Bioinspired butyrate-functionalized nanovehicles for targeted oral delivery of biomacromolecular drugs.

Ligand-functionalization can increase the affinity of nanoparticles (NPs) with targeted cells. However, one major defect of ligands still exists in oral administration: limited receptor recognition. The hindrance of mucus network and deactivation of enzymes severely challenge the targeting efficiency of macromolecular ligands. Inspired by "molecular exchange" between intestinal microbiota and host cells, we anchored microbiota metabolite butyrate on classical "mucus-inert" polyethylene glycol (PEG) NPs. Butyrate has unique advantages of low molecule weight, high hydrophilicity and chemical stability.
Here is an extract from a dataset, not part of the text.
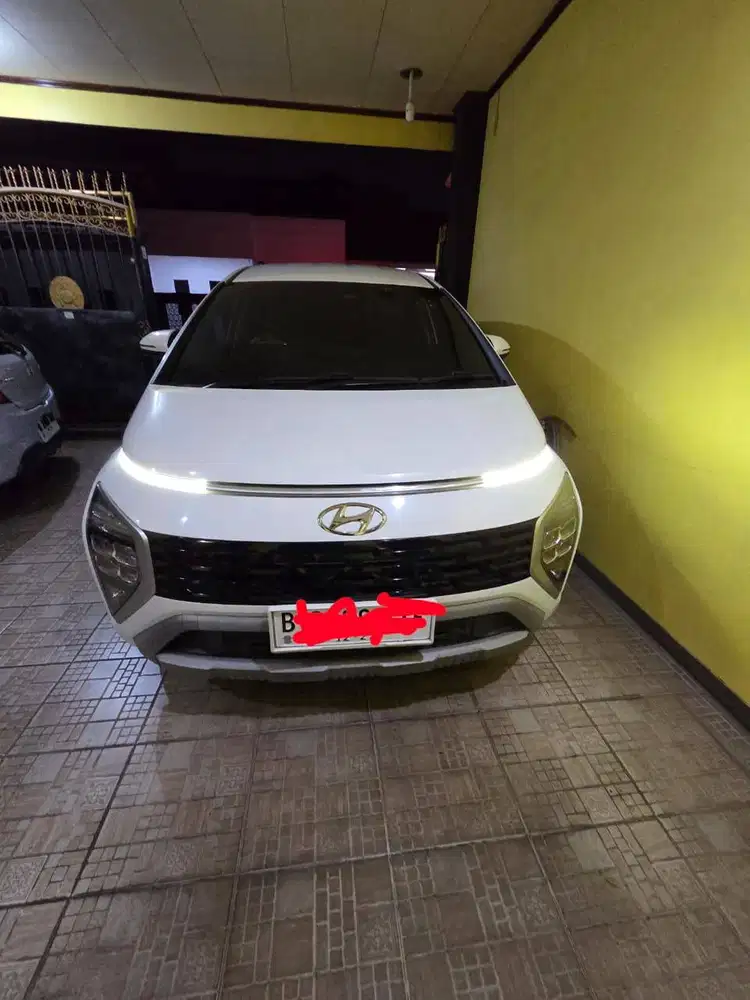 DIJUAL HYUNDAI STARGAZER PRIME 1.5 IVT AT CAPTAIN SEAT 2022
Interestingly, in vitro mucus-permeability and in vivo mucus distribution of PEG NPs were not impaired by butyrate-functionalization. Enhanced cellular uptake was achieved via specific interaction between butyrate and the monocarboxylate transporter (MCT) on cell membranes, which subsequently ameliorated transepithelial transport and intestinal absorption in the ileum. In vitro safety assessment validated the non-toxicity of butyrate-modification. Finally, insulin-loaded Bu-PEG NPs generated a stronger hypoglycemic response on diabetic rats and 2.87-fold higher oral bioavailability compared with bare PEG NPs. This study demonstrated that butyrate-functionalization could improve the intestinal absorption of macromolecules by overcoming multiple obstacles in the gastrointestinal tract, providing a promising active targeting strategy for oral administration.